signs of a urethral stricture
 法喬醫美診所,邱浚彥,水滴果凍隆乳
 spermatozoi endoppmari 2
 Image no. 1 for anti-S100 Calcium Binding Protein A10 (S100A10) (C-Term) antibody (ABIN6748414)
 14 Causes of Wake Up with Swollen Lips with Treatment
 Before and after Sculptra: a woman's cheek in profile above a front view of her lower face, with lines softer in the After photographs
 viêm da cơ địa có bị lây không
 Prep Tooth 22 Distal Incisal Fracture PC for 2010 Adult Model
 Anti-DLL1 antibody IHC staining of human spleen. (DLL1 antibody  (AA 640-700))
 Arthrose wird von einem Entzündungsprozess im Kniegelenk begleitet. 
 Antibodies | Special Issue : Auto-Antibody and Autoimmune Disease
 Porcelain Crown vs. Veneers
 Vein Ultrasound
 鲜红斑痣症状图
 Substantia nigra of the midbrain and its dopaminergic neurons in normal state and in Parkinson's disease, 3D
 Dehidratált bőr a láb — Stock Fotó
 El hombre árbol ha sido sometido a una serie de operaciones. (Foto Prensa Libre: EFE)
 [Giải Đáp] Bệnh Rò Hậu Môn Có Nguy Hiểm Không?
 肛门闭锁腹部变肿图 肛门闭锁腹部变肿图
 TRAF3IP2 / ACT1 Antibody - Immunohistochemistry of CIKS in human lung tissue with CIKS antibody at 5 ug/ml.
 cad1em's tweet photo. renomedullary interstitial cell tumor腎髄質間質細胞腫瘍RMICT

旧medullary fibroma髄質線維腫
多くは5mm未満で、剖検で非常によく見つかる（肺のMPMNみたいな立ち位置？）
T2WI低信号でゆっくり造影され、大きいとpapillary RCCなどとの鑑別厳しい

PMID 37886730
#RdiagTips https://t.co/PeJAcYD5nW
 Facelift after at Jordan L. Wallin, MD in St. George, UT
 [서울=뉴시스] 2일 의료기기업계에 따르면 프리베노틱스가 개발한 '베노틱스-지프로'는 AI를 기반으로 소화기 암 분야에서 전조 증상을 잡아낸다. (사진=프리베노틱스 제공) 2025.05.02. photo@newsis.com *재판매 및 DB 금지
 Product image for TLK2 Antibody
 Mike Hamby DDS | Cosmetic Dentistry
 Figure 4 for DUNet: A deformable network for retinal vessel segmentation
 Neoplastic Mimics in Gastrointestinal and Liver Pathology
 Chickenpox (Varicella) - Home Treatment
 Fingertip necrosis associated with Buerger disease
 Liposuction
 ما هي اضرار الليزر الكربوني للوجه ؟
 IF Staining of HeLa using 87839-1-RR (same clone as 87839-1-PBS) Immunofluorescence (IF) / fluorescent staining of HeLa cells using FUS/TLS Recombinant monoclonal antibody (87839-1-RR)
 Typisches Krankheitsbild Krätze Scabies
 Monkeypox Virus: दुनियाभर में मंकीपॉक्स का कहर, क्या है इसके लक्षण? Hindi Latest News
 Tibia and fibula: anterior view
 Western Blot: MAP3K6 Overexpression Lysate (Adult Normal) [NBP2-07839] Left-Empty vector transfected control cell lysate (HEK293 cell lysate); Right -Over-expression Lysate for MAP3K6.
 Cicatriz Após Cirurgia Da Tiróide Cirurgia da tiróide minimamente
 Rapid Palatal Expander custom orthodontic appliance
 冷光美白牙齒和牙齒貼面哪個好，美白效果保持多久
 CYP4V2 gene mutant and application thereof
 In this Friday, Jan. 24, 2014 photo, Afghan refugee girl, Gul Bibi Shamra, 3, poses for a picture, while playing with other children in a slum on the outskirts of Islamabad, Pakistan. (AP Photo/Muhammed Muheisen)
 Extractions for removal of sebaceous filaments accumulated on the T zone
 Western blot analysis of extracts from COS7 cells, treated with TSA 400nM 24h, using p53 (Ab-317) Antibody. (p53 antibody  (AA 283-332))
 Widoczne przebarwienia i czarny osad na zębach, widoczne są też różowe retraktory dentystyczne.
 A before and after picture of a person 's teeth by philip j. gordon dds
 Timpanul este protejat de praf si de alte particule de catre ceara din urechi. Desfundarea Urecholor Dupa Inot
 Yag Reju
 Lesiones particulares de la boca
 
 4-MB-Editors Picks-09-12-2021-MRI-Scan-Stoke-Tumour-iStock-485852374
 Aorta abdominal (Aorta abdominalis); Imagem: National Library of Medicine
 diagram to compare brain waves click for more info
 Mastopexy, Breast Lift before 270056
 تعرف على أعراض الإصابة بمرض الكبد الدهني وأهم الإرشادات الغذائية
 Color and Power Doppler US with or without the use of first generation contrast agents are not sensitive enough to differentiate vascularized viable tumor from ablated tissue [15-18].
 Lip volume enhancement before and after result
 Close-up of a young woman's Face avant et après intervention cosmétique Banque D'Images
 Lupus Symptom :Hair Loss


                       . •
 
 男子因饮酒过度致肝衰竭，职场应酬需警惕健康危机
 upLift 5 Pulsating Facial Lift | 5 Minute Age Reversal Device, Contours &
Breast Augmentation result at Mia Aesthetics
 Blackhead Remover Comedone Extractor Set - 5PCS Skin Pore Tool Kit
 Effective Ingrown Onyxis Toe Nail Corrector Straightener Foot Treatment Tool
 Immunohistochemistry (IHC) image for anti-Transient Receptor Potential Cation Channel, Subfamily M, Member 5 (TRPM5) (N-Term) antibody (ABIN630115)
+-------+
When the line with "Typisches Krankheitsbild Krätze Scabies" is reached in the data above, start copying there, and copy each line exactly until the line with "A before and" has been copied; copy nothing else.

 Typisches Krankheitsbild Krätze Scabies
 Monkeypox Virus: दुनियाभर में मंकीपॉक्स का कहर, क्या है इसके लक्षण? Hindi Latest News
 Tibia and fibula: anterior view
 Western Blot: MAP3K6 Overexpression Lysate (Adult Normal) [NBP2-07839] Left-Empty vector transfected control cell lysate (HEK293 cell lysate); Right -Over-expression Lysate for MAP3K6.
 Cicatriz Após Cirurgia Da Tiróide Cirurgia da tiróide minimamente
 Rapid Palatal Expander custom orthodontic appliance
 冷光美白牙齒和牙齒貼面哪個好，美白效果保持多久
 CYP4V2 gene mutant and application thereof
 In this Friday, Jan. 24, 2014 photo, Afghan refugee girl, Gul Bibi Shamra, 3, poses for a picture, while playing with other children in a slum on the outskirts of Islamabad, Pakistan. (AP Photo/Muhammed Muheisen)
 Extractions for removal of sebaceous filaments accumulated on the T zone
 Western blot analysis of extracts from COS7 cells, treated with TSA 400nM 24h, using p53 (Ab-317) Antibody. (p53 antibody  (AA 283-332))
 Widoczne przebarwienia i czarny osad na zębach, widoczne są też różowe retraktory dentystyczne.
 A before and after picture of a person 's teeth by philip j. gordon dds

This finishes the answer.